WORK TO COMPLETE: Print, word for word, the opening line of the data below and every line after it through the line that contains "Betpas Güncel Casino Adresi", but not the pictures.

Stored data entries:

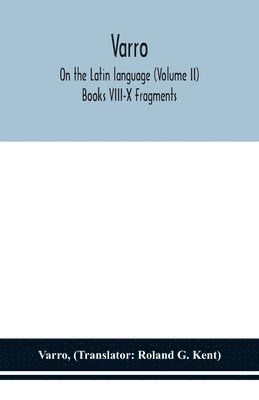bokomslag Varro; On the Latin language (Volume II) Books VIII-X Fragments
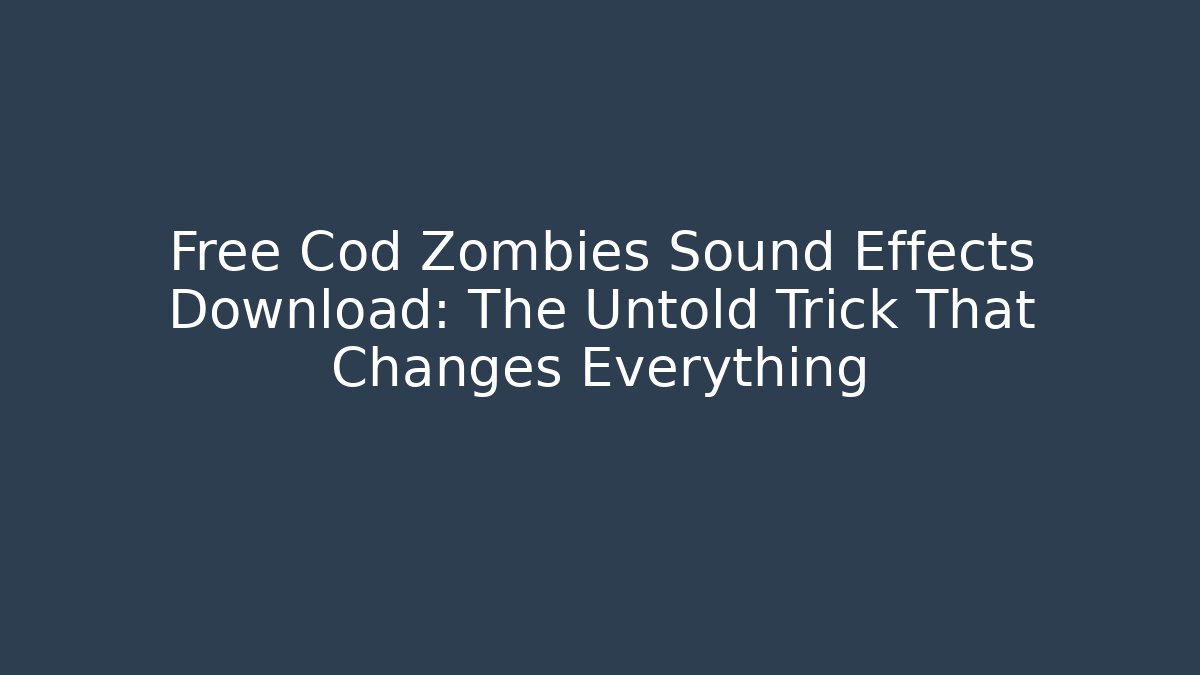 Free Cod Zombies Sound Effects Download: The Untold Trick That Changes Everything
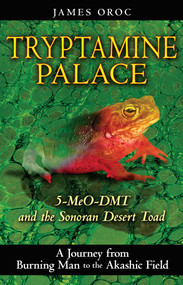 Tryptamine Palace (5-MeO-DMT and the Sonoran Desert Toad) by James Oroc, 9781594772993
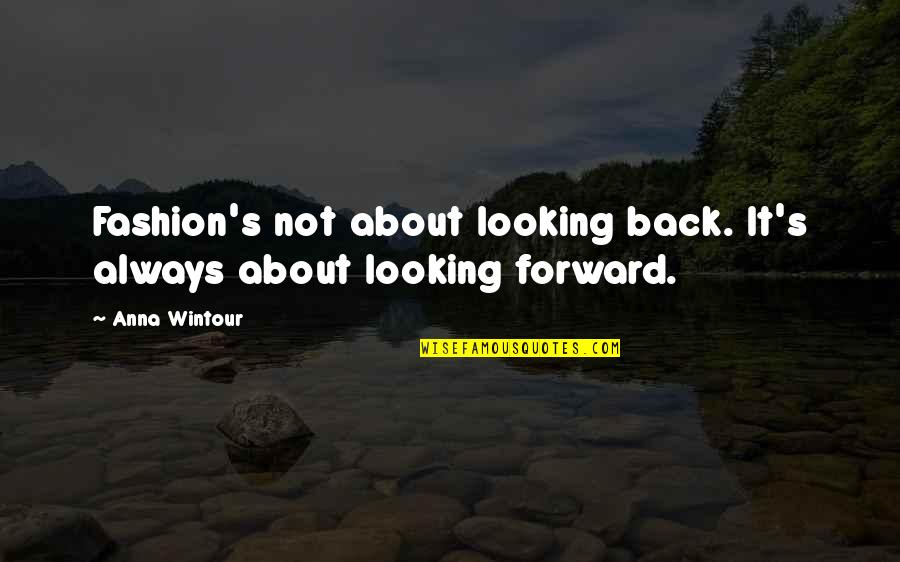 Fragmentated Quotes By Anna Wintour: Fashion's not about looking back. It's always about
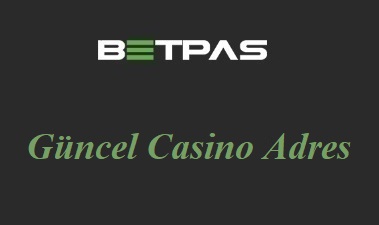 Betpas Güncel Casino Adresi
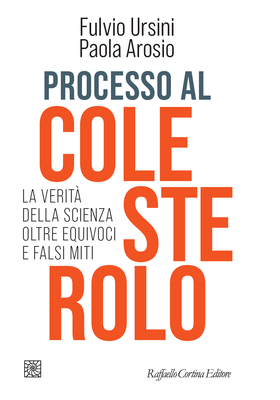 Fulvio Ursini, Paola Arosio - Processo al colesterolo (2026)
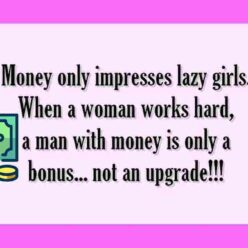 money and girls funny quote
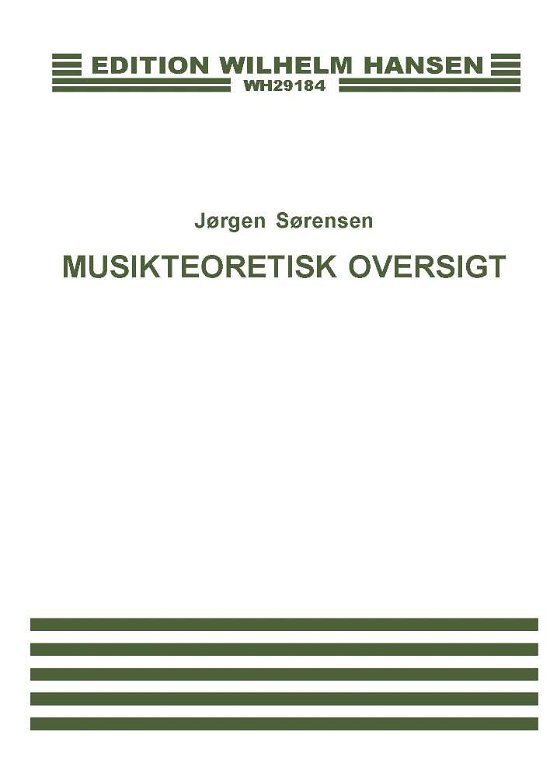 Musikteoretisk oversigt for HF, gymnasier, seminarier, højskoler, musikskoler etc - Jørgen Sørensen - Kirjat - Wilhelm Hansen - 9788759800997 - keskiviikko 10. toukokuuta 1995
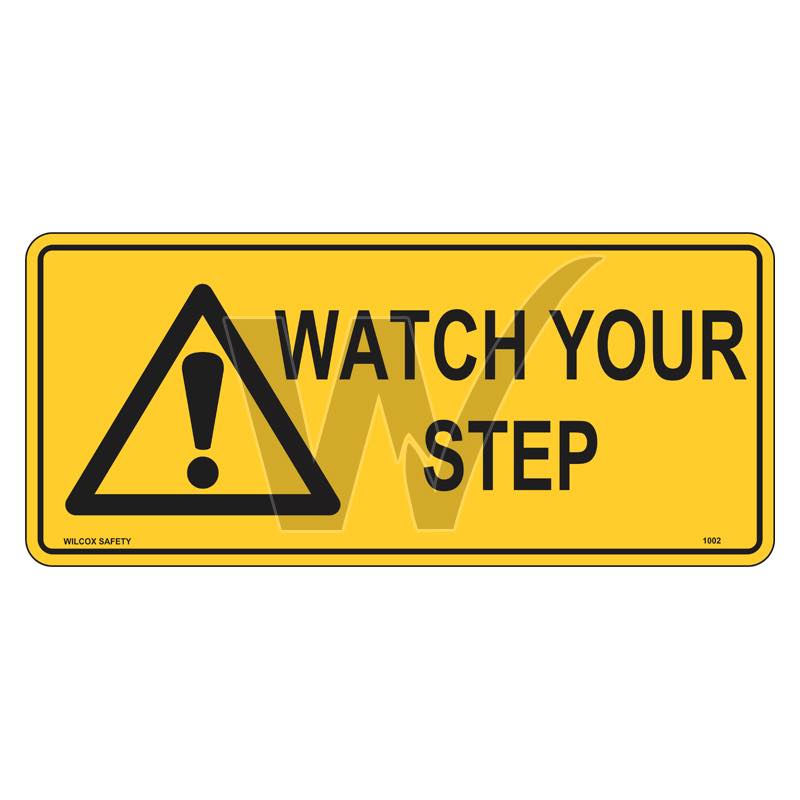 Warning Sign - Watch Your Step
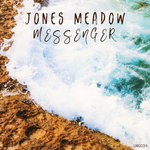 cover: Jones Meadow - Messenger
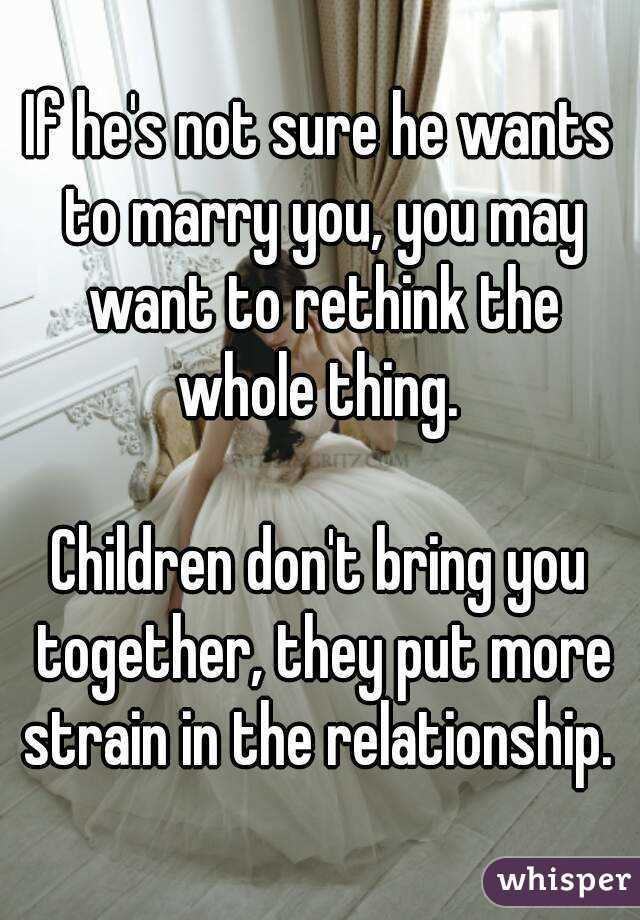 If he's not sure he wants to marry you, you may want to rethink the whole thing. 

Children don't bring you together, they put more strain in the relationship. 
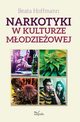 Narkotyki w kulturze modzieowej, Beata Hoffmann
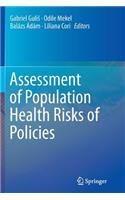 Assessment of Population Health Risks of Policies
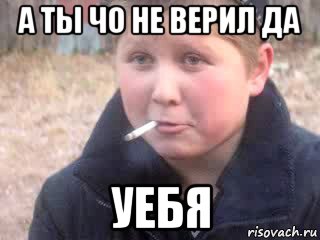 а ты чо не верил да уебя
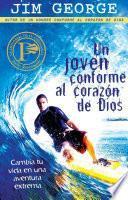 Un Joven Conforme Al Corazón de Dios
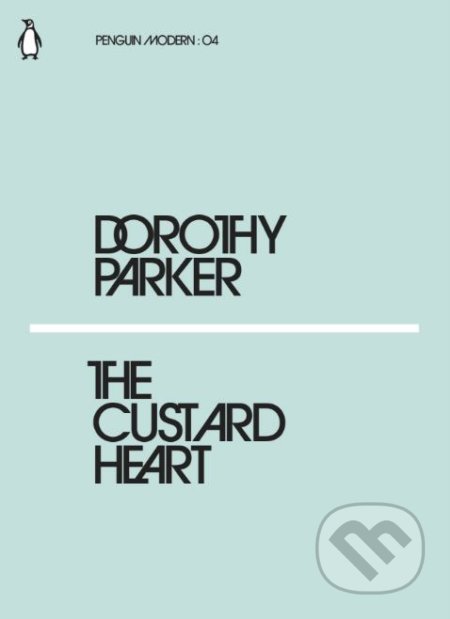 Kniha: The Custard Heart (Dorothy Parker). Penguin Books, 2018 Kniha: The Custard Heart (Dorothy Parker). Penguin Books, 2018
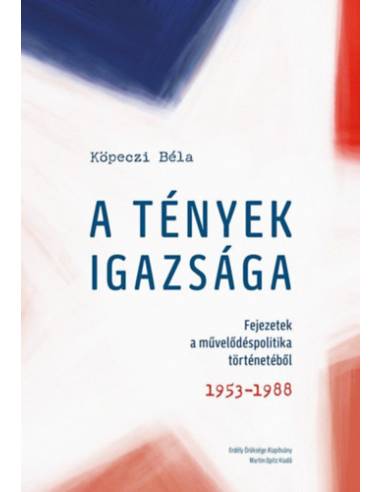 A tények igazsága - Fejezetek a művelődéspolitika történetéből. 1953-1988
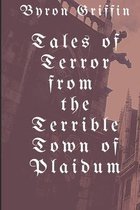 Tales of Terror from the Terrible Town of Plaidum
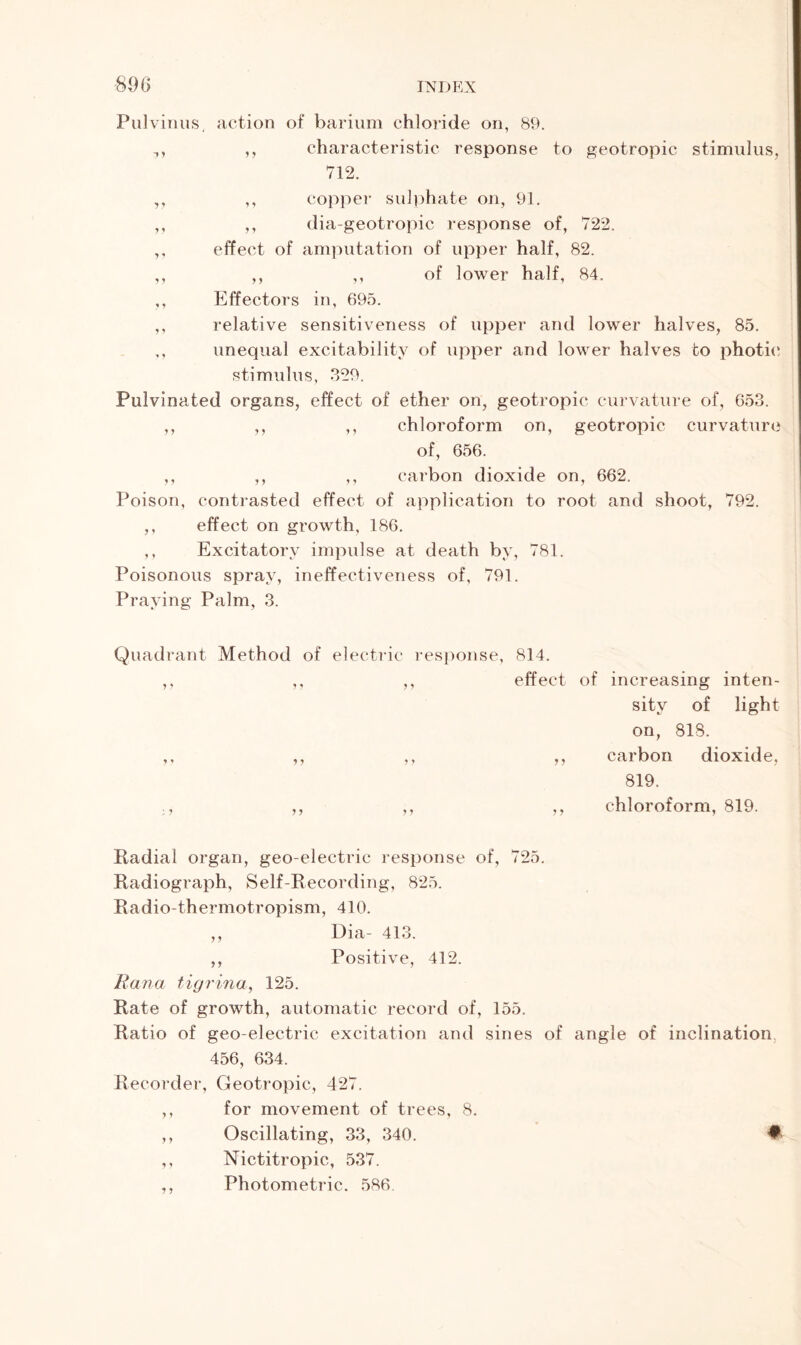 Pulvinus, action of barium chloride on, 89. , ,, characteristic response to geotropic stimulus, 712. ,, ,, copper sulphate on, 91. ,, ,, dia-geotropic response of, 722. ,, effect of amputation of upper half, 82. ,, ,, ,, of lower half, 84. ,, Effectors in, 695. ,, relative sensitiveness of upper and lower halves, 85. ,, unequal excitability of upper and lower halves to photic stimulus, 329. Pulvinated organs, effect of ether on, geotropic curvature of, 653. ,, ,, ,, chloroform on, geotropic curvature of, 656. ,, ,, ,, carbon dioxide on, 662. Poison, contrasted effect of application to root and shoot, 792. ,, effect on growth, 186. ,, Excitatory impulse at death by, 781. Poisonous spray, ineffectiveness of, 791. Praying Palm, 3. Quadrant Method of electric response, 814. ,, ,, ,, effect of increasing inten- sity of light on, 818. ,, ,, ,, ,, carbon dioxide, 819. ., ,, ,, ,, chloroform, 819. Radial organ, geo-electric response of, 725. Radiograph, Self-Recording, 825. Radio-thermotropism, 410. ,, Dia- 413. ,, Positive, 412. Rana tigrina, 125. Rate of growth, automatic record of, 155. Ratio of geo-electric excitation and sines of angle of inclination 456, 634. Recorder, Geotropic, 427. ,, for movement of trees, 8. ,, Oscillating, 33, 340. # ,, Nictitropic, 537. ,, Photometric. 586
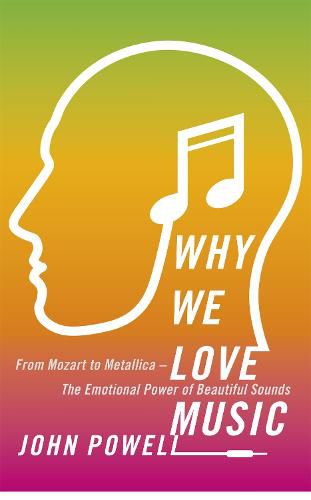 Cover image for Why We Love Music: From Mozart to Metallica - The Emotional Power of Beautiful Sounds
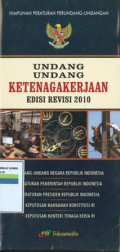 Himpunan peraturan perundang-undangan:undang-undang ketenagakerjaan edisi revisi 2010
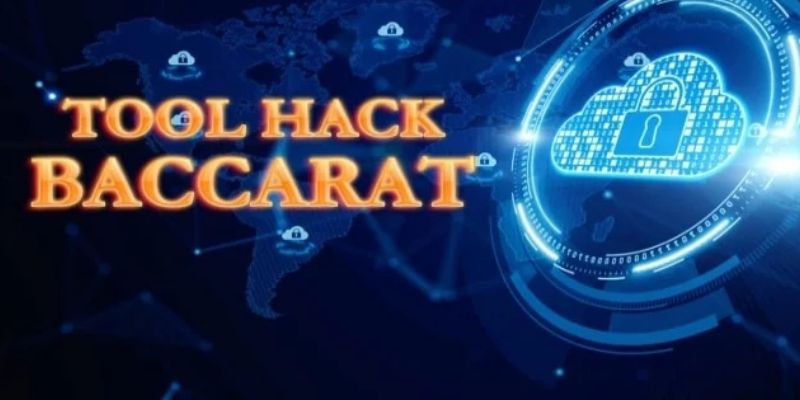 Tool Baccarat là gì?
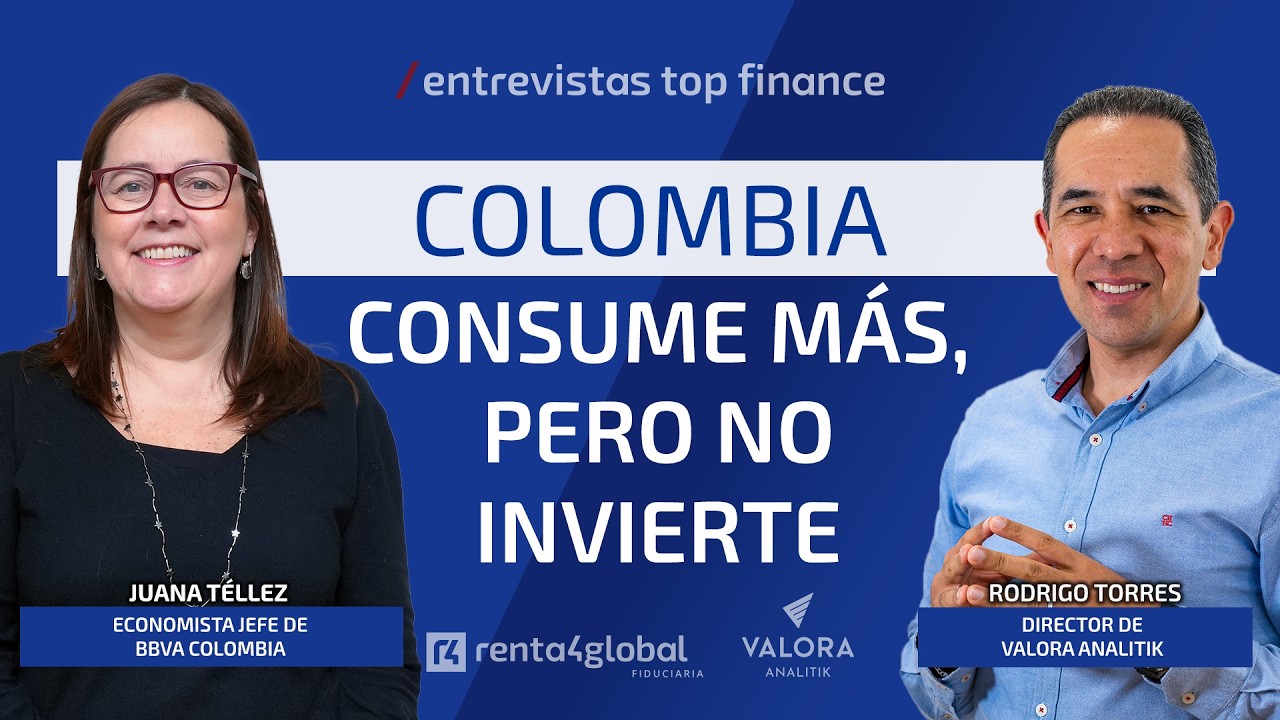 Colombia consume más, pero no invierte. Entrevista con Juana Téllez, Economista Jefe del BBVA .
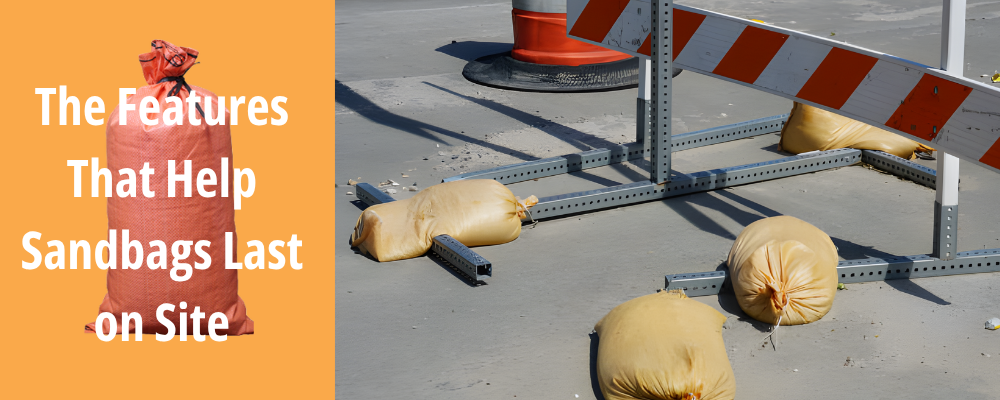 The Features That Help Sandbags Last on Site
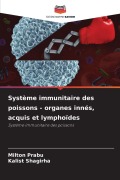 Cover-Bild zum Titel 'Système immunitaire des poissons - organes innés, acquis et lymphoïdes' von 'Milton Prabu, Kalist Shagirha'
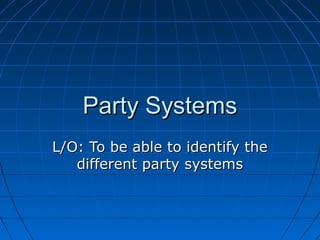Party Systems
L/O: To be able to identify the
   different party systems
 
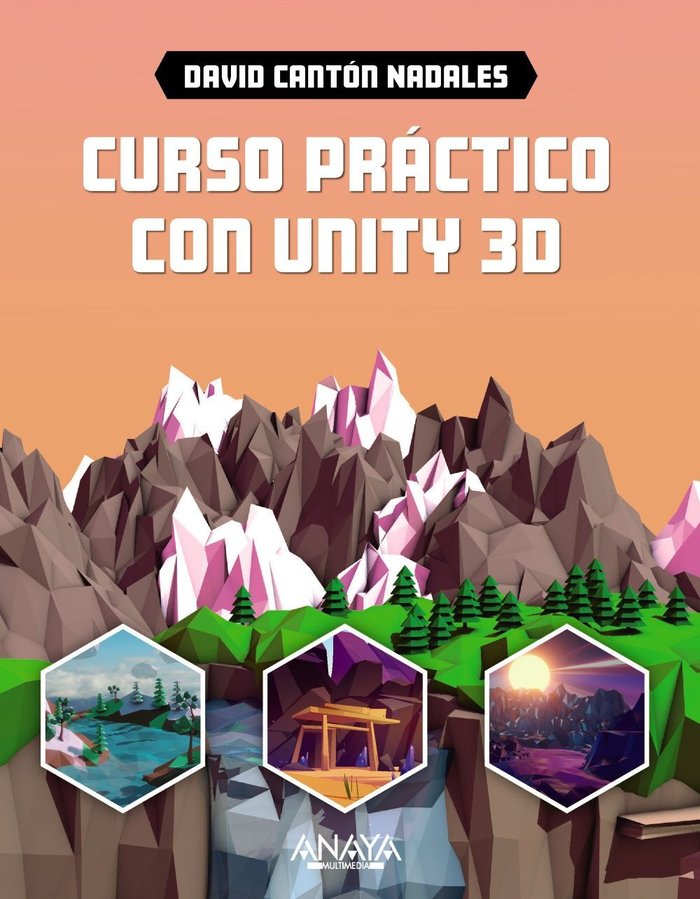 CURSO PRACTICO CON UNITY 3D, de CANTON NADALES, DAVID | portada del libro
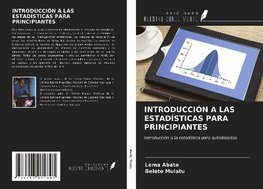 INTRODUCCIÓN A LAS ESTADÍSTICAS PARA PRINCIPIANTES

REPLY TO THE TASK:
bokomslag Varro; On the Latin language (Volume II) Books VIII-X Fragments
 Free Cod Zombies Sound Effects Download: The Untold Trick That Changes Everything
 Tryptamine Palace (5-MeO-DMT and the Sonoran Desert Toad) by James Oroc, 9781594772993
 Fragmentated Quotes By Anna Wintour: Fashion's not about looking back. It's always about
 Betpas Güncel Casino Adresi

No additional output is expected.